DL: I do hope the Wyoming Sessions cleared Kanye’s conscience about being a bad boss. Though he handed over the label to Push years ago, that alpha-dog responsibility to provide is hard to shake. For years, he did nothing to nurture his artists’ careers, especially Teyana’s. Wyoming gave her shine, it gave Push more shine, it gave Cudi a full glow, and it gave Cyhi the Prynce small glimmers of shine (he co-wrote a good chunk of these albums). But how much of Kanye’s antics outside the studio actually worked against them to dim their light? I’m mostly just waiting to see who’ll still be in his corner this next cycle to find that answer.
CJ: No one’s ever leaving. The beats are too fire.
DL: Maybe it’s time to find a new muse
CJ: He’ll have to flop first. He and Trump have that in common. He’s the bag in perpetuity. Folk’ll jump ship as soon as it’s no longer a lucrative partnership. Well, that’s not fully fair. Folk stick around because they see something worth saving too. The real question in the current climate is what Kanye could possibly do to even lose his platform. Does de-platforming still exist in a climate where real outrage gets pawned off as “cancel culture”? Hmm. No?
SHS: You can’t really vote with your wallet anymore. It’s not hard to hate-listen to something. Kanye’s not going anywhere, but I do wonder if he’ll be able to find his musical center again. He does seem to be looking for it.
CJ: The day he got sick of blazing trails and decided he wanted to make hit records again was a dark day. Fishing for hits worked wonders for the clout but not for the creativity. The songs on the X and Tekashi albums are embarrassments to the talent people signed on for in the first place. (Note that none of them broke Top 40.)
Is there any insight to be gained by listening to all five of these albums in a row? Any larger themes that become clear?
CJ: We should throw the whole year in some kind of museum of extraordinary circumstances for beating out Katy Perry’s 72-hour live YouTube experiment as the purest modern exercise in celebrities handling internet scrutiny poorly. Watching it unfold the first time was so stressful, I literally shivered at the idea posed in the question here. Full disclosure: I got a couple Daytona and K.T.S.E. slaps in a running party playlist I hear weekly. I listened to Ye and Ghosts to prep for this roundtable, and something still felt missing. Beautiful beats … RIP Aretha.

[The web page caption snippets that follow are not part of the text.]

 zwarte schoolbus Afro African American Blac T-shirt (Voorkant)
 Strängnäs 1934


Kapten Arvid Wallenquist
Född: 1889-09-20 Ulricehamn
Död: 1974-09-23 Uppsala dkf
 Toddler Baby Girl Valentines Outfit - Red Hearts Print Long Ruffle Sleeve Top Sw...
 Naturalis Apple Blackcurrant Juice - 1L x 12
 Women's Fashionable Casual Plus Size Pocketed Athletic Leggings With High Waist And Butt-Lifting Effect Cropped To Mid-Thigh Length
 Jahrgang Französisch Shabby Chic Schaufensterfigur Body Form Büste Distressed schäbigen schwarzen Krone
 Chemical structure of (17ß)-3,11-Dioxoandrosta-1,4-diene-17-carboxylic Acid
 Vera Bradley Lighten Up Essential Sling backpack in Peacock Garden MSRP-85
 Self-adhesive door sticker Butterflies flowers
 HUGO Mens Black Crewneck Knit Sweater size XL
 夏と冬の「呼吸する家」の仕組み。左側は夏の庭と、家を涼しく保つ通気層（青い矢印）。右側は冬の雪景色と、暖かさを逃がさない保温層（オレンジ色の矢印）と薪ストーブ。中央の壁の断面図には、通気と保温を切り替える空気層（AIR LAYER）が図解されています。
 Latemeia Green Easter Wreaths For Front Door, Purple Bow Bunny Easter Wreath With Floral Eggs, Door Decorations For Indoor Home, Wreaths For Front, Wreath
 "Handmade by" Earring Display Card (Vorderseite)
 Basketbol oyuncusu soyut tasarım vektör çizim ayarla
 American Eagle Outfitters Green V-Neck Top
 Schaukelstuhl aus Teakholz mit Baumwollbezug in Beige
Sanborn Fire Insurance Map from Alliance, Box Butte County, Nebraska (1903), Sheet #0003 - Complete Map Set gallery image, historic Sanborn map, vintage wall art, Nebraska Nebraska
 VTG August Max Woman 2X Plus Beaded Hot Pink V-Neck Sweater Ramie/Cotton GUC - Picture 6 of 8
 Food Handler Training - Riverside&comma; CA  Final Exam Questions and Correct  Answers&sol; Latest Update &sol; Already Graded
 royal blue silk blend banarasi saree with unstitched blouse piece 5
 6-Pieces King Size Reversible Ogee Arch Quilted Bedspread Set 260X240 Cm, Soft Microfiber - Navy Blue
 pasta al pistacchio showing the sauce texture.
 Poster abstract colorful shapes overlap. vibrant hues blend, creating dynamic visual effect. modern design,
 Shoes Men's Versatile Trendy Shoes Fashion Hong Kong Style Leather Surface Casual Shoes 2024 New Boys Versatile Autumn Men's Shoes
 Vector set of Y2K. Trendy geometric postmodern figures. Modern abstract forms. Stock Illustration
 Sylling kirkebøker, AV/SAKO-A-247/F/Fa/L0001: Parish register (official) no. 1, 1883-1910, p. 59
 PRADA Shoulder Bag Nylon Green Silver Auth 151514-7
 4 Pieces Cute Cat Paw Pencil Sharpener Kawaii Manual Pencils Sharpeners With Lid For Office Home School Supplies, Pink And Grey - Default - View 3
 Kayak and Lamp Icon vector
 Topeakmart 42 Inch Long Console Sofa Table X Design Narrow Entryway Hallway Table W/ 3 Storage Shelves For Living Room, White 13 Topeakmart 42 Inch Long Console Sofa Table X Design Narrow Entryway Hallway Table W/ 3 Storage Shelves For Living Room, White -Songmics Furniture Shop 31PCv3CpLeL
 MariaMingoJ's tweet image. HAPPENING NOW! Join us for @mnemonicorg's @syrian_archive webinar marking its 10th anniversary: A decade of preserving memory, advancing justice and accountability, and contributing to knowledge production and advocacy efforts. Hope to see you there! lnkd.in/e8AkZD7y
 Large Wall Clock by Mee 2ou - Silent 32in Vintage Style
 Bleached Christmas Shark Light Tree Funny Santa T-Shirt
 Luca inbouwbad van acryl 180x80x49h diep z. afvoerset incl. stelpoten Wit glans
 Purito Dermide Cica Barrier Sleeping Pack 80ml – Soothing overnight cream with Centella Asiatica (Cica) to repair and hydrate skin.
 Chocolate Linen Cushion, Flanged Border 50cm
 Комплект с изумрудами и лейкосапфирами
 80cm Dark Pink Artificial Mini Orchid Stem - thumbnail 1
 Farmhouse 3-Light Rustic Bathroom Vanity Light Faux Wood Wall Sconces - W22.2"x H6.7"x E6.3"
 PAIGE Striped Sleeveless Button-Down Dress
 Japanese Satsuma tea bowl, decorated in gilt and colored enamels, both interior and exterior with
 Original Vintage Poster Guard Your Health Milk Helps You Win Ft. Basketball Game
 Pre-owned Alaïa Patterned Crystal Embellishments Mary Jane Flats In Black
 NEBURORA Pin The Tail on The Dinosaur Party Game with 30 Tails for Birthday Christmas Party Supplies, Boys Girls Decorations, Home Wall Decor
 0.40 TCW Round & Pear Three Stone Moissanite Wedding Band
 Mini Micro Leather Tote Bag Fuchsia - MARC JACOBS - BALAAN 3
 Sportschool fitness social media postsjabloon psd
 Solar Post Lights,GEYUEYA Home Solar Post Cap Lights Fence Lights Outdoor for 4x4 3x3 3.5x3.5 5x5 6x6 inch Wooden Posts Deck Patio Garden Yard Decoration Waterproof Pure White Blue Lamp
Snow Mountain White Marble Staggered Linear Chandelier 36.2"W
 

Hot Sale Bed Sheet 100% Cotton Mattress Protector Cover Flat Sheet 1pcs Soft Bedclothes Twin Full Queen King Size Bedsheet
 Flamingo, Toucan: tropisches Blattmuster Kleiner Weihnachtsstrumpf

DL: There’s only a real connective tissue between Ye and KSG — they probably could’ve been a double album if Kanye really wanted to torture us any more than he already did — so that’s all I’d recommend for a back-to-back listening. The largest theme would’ve been revealed while processing this data dump in real time, which is that no one knows what the fuck to do with the idea of an album anymore and it’s doing a real number on the consumer. And maybe it’s what consumerism deserves. The fan, though — and I’m talking both the Yeezy hypebeasts who’ll buy into anything Kanye is selling and the purists who still hold real affection for Kanye’s production style — will happily adapt and go whichever direction the herd is moving. This much I’m sure of: Kanye wins. Maybe he’ll even win that Grammy for Producer of the Year, and that’s what all this fuss was really for.